THE 68th NMO SELECTION TESTS FOR THE JUNIOR BALKAN MATHEMATICAL OLYMPIAD

First solution. Swapping, if necessary, the roles of $a$ and $c$ and those of $b$ and $d$, we may assume that $a\le c$. In this case, the function $f(x)=\frac{a+x}{c+x}$ is increasing on $[1,2]$, while $g(x)=\frac{c+x}{a+x}$ is decreasing on $[1,2]$, hence $\frac{a+b}{b+c}+\frac{c+d}{d+a}\le \frac{a+2}{c+2}+\frac{c+1}{a+1}$. On the other hand, $4\cdot \frac{a+c}{b+d}\ge a+c$, therefore it is sufficient to prove that $\frac{a+2}{c+2}+\frac{c+1}{a+1}\le a+c$, which reduces to $a+c+4\le a^{2}c+a{c}^2+a^2+3ac$. From $(a-1)(c-1)\ge 0$ and $a^{2}c+a{c}^2+a^2+2ac\ge 5$ the conclusion follows, with equality if $a=c=1$, and $b=d=2$.

Second solution.

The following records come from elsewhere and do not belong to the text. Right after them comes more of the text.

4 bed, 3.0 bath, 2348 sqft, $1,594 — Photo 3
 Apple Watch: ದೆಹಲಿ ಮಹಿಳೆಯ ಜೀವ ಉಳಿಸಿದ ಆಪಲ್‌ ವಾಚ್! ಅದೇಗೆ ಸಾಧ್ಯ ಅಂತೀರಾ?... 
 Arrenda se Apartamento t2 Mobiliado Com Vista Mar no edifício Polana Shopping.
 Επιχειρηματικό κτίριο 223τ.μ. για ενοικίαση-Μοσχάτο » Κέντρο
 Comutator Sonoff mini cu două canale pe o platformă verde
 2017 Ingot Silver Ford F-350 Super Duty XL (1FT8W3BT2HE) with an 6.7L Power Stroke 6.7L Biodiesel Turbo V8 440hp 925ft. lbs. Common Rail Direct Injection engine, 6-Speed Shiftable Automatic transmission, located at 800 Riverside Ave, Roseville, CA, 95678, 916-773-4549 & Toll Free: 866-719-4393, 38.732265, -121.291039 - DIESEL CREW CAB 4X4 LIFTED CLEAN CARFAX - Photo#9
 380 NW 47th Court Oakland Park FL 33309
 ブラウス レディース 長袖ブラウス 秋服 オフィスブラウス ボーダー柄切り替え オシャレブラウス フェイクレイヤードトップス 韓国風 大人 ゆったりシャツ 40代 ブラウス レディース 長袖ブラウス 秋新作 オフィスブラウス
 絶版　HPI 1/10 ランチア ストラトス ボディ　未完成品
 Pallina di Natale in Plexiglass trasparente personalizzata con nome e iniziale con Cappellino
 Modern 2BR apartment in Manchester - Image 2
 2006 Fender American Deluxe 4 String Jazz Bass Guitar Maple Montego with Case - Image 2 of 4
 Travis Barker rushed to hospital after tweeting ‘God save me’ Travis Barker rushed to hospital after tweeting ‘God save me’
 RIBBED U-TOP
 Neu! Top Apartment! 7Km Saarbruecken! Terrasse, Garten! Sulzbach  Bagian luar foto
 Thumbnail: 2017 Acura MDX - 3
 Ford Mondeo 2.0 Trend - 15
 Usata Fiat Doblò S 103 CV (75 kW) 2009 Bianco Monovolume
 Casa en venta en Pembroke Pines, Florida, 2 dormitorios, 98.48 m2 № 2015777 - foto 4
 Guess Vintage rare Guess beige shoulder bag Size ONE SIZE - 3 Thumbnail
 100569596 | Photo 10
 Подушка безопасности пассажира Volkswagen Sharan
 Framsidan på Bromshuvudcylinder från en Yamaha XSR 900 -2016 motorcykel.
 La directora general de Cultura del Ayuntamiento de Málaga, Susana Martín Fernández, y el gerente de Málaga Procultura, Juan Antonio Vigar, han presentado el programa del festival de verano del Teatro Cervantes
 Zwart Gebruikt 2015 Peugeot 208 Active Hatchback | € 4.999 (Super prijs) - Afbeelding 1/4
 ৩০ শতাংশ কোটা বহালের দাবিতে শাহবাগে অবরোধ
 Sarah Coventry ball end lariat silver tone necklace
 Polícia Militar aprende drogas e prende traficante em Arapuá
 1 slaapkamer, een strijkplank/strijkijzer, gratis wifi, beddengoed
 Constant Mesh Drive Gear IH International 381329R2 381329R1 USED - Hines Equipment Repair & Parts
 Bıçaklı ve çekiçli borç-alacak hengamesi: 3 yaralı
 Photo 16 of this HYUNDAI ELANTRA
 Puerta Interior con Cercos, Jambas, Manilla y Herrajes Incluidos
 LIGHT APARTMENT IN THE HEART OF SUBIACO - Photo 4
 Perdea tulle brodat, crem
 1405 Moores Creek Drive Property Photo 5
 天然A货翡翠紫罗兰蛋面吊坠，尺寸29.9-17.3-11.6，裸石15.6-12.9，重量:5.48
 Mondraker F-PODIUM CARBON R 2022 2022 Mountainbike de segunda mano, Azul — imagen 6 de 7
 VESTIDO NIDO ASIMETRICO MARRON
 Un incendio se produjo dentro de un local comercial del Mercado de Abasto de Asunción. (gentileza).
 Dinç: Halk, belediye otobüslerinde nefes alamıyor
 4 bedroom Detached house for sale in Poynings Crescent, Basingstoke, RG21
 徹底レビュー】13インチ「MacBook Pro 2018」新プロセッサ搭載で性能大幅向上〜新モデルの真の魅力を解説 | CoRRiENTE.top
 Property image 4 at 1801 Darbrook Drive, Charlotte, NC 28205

We show that $$\frac{a+b}{b+c}\le 2\cdot \frac{a+c}{b+2}\le 2\cdot \frac{a+c}{b+d}\text{and}\frac{c+d}{d+a}\le 2\cdot \frac{a+c}{b+d},$$ inequalities which give the conclusion. The second inequality can be obtained from the first one by swapping $a$ with $c$ and $b$ with $d$, therefore it is sufficient to prove the first one. This inequality reduces to $b^2+ab+2b+2a\le 2c^2+2ac+2bc+2ab$. But $2a\le 2ac$, $2b\le 2bc$ and $b^2\le b+2\le ab+2c^2$, the inequality $b^2\le b+2$ being equivalent to $(b+1)(b-2)\le 0$. We obtain the equality case $a=1,b=2,c=1$ and $d=2$.

Third solution. As $0<b+d\le 4$, it is sufficient to prove that the left hand side is at most $a+c$. Without loss of generality, we may assume that $a\le c$. In this case, $$\frac{a+b}{b+c}+\frac{c+d}{d+a}\le 1+\left(1+\frac{c-a}{d+a}\right)\le 2+c-a\le c+a,$$ with equality if $a=1,b=2,c=1$ and $d=2$.